• [Work order]:
Copy nothing but the lines below running from the line containing "bathroom featuring vanity and lofted ceiling" through the line containing "The image shows", both end lines included.
= Beginning of Section =
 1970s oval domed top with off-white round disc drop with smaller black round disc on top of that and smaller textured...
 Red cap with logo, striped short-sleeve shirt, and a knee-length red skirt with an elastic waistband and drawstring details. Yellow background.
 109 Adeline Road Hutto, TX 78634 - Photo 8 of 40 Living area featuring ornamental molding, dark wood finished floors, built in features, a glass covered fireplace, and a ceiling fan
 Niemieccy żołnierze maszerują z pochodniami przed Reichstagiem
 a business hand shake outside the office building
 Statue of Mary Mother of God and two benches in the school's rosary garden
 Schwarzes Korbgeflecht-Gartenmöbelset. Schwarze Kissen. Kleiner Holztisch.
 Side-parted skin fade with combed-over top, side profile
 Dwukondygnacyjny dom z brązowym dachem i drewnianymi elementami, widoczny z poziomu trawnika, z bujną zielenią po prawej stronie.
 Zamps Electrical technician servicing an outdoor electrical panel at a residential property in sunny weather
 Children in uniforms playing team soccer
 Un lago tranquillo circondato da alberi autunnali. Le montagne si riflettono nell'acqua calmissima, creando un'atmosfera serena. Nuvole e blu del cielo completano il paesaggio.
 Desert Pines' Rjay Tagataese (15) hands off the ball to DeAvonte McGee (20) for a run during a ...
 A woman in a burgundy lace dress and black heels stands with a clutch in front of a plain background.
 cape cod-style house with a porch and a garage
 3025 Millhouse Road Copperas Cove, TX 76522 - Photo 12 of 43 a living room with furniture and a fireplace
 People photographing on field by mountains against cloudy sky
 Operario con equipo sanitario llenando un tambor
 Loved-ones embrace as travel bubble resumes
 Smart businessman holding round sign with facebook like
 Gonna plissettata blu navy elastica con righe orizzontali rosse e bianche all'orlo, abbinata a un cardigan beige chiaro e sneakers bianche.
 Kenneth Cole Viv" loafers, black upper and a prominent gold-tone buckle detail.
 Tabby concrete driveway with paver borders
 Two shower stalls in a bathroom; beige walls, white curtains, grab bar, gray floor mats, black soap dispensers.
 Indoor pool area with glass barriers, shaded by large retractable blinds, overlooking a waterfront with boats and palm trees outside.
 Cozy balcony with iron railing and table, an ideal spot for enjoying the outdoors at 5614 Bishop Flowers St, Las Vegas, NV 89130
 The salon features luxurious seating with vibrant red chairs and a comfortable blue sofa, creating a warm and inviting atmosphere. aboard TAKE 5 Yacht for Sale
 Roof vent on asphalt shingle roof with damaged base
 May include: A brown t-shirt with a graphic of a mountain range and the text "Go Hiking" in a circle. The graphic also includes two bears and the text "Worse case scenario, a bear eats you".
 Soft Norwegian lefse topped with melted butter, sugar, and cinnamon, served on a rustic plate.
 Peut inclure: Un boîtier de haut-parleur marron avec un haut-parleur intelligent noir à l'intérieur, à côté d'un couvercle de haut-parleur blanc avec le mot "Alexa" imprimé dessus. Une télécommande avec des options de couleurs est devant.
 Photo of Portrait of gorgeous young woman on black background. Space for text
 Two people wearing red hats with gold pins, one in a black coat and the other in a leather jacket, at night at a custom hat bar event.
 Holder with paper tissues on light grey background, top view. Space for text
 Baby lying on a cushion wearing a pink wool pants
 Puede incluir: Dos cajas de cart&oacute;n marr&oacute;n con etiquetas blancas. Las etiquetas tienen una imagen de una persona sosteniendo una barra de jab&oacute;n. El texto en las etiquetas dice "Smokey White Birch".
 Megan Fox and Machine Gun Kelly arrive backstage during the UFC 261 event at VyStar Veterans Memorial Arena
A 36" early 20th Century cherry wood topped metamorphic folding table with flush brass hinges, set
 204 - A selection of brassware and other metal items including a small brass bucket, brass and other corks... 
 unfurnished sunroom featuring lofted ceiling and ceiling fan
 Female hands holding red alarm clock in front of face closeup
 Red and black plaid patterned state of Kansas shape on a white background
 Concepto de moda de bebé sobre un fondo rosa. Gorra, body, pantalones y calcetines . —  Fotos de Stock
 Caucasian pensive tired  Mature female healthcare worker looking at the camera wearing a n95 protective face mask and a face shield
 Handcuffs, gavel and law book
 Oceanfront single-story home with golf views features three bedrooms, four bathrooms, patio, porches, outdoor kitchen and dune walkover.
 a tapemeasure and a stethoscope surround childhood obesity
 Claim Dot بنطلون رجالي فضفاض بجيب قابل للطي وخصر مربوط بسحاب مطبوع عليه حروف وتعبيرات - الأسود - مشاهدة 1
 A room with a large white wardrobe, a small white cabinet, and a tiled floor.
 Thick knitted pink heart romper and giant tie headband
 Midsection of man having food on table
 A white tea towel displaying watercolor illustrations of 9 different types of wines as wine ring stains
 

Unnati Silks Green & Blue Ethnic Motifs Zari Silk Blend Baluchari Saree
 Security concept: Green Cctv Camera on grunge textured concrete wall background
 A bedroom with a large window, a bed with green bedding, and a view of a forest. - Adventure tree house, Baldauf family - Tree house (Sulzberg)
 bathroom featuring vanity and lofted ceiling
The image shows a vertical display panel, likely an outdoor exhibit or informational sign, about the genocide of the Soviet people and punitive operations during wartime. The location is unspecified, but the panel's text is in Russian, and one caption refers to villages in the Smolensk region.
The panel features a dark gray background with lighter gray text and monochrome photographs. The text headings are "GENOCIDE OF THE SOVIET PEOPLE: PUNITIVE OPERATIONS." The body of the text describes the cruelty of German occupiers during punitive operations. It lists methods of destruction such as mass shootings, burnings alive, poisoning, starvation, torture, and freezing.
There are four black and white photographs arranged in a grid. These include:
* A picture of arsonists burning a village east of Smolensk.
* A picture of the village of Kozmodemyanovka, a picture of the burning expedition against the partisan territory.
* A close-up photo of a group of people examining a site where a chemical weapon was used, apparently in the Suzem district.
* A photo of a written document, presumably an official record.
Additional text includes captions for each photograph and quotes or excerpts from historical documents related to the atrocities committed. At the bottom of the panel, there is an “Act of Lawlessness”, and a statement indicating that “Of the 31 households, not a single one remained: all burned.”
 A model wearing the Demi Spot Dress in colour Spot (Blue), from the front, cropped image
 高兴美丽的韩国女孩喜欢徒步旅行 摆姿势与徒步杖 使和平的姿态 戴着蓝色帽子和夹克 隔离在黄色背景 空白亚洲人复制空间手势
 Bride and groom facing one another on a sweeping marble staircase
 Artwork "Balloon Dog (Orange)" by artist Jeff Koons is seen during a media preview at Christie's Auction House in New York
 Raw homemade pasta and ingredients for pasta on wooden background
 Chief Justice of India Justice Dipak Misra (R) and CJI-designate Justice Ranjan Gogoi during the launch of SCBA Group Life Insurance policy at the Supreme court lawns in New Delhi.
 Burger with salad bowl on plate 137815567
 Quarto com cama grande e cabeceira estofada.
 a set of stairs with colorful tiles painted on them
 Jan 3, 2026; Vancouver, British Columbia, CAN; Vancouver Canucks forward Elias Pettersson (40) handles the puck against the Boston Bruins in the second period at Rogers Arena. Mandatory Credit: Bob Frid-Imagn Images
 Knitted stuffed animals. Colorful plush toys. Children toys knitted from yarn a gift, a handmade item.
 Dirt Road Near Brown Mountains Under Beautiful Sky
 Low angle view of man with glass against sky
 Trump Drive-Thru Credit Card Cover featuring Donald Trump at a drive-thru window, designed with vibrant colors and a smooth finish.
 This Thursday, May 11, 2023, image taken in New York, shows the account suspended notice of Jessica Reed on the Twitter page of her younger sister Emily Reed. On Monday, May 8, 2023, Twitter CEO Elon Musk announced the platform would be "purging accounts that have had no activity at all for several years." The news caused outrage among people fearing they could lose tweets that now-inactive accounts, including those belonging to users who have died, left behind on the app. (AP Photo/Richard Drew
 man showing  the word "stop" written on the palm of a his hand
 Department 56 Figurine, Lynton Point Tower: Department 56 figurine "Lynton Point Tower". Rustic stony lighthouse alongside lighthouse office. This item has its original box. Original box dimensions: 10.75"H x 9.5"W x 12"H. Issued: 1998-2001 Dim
= End of Section =
• [Response to the exercise]:
 bathroom featuring vanity and lofted ceiling
The image shows a vertical display panel, likely an outdoor exhibit or informational sign, about the genocide of the Soviet people and punitive operations during wartime. The location is unspecified, but the panel's text is in Russian, and one caption refers to villages in the Smolensk region.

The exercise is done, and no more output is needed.